Puebla, Pue.- Si bien los partidos políticos que formaron la alianza Compromiso por Puebla han decidido mantener los acuerdos necesarios para operar como un bloque común en la próxima legislatura local, habrá personajes que tendrán un peso específico muy importante en términos de la aprobación de las iniciativas de ley que envíe el gobernador Rafael Moreno Valle a los futuros diputados.
Entre ellos estarán, por supuesto, los individuos que nombren como coordinadores PAN, PRD, Convergencia y PANAL.
Sin embargo, dentro de este grupo, será el aliancista Guillermo Aréchiga Santamaría quien opere como el enlace real entre el ejecutivo y el legislativo una vez que las autoridades electas el 4 de julio entren en funciones.
Efectividad y confianza son dos de las características que han movido al gobernador electo a tomar esta decisión.
Los bonos del el ex líder del SNTE poblano subieron como la espuma después de que se comprobó la eficacia de la operación electoral del magisterio a favor de Moreno Valle en la pasada elección.
Y es que, Aréchiga Santamaría, recibió directamente de Elba Esther Gordillo la encomienda de hacerse responsable de maximizar los recursos humanos y materiales que el sindicato destinaría para hacer ganar a su candidato.

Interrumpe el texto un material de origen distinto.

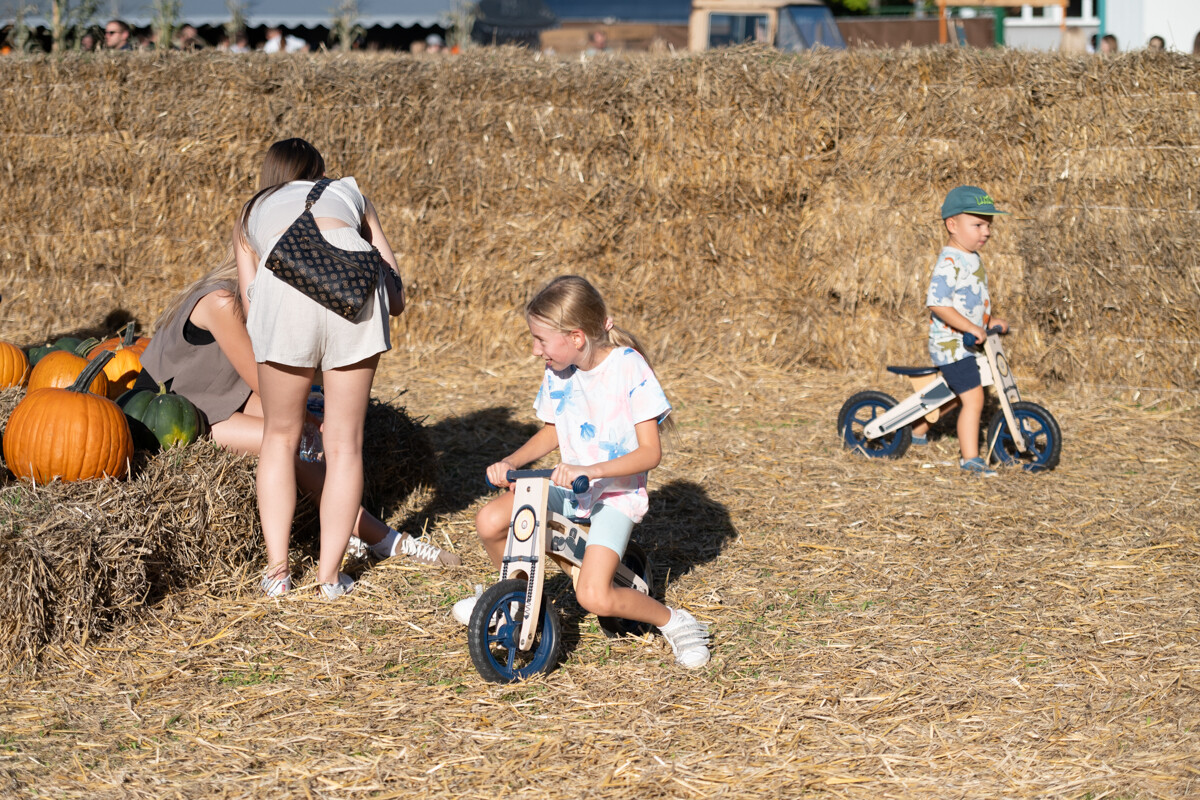 W mieście pojawiła się kolorowa dyniowa farma! / fot. Marek Faber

Las cuentas que "el profe" entregó no pueden ser mejores.
Es claro que la movilización de los docentes no fue el factor de mayor peso en la victoria opositora, que fue la sociedad civil la que hizo ganar a Rafael, pero sí fue fundamental para cumplir con el objetivo de ganar con un número de votos lo suficientemente contundente como para espantar los fantasmas del potencial fraude e inhibir la acción de los siempre eficientes alquimistas electorales.
La estructura funcionó con la misma precisión quirúrgica con la que las instancias gubernamentales operaron alguna vez a favor de los intereses de los llamados candidatos oficiales.
Dos meses antes de la elección, Aréchiga tomo como búnker el hotel Presidente Intercontinental y desde ahí, diseñó la estrategia de operación electoral a implementar el día de la elección.
Prácticamente todos los días se le podía ver en la cafetería de ese lugar recibiendo gente del magisterio, en su mayoría proveniente de otros estados, revisando cifras, pero sobre todo, analizando el perfil de quienes se quedarían al final con cargos importantes en el ejército docente que se formó en Puebla con motivo de la elección.
Al final, prevalecieron los que pudieron comprobar su eficiencia en otros procesos electorales en donde se obtuvieron triunfos importantes para los intereses políticos y económicos del magisterio.
Otro factor que perfilo a Aréchiga como uno de los consentidos del hoy gobernador electo, fue la manera en la cual se gastaron los millonarios recursos económicos que el sindicato más grande de Latinoamérica destino para hacer ganar a la alianza opositora en Puebla.
Los números siempre cuadraron y Guillermo supo mantenerse ajeno a la tentación de desviar para otros fines el dinero que se empleó para garantizar que la estructura magisterial diera resultados el día de la elección.
Sobra decir que estos recursos llegaron en su mayoría en efectivo y fueron trasladados hasta aquí utilizando métodos muy poco ortodoxos.
Lo anterior explica perfectamente el por qué, más allá de quienes se sienten hoy con derecho de picaporte en términos de su interlocución con el próximo gobernador, será Guillermo Aréchiga y nadie más quien lleve la voz de Moreno Valle en el próximo congreso local.
Ahí será en donde Aréchiga tendrá que mostrar la misma eficacia que tuvo como operador electoral, pero ahora en su papel de diputado "consentido".
La aprobación de iniciativas de ley que lleven a políticas públicas encaminadas a cumplir con las enormes expectativas que generó Moreno Valle con su triunfo electoral depende de ello.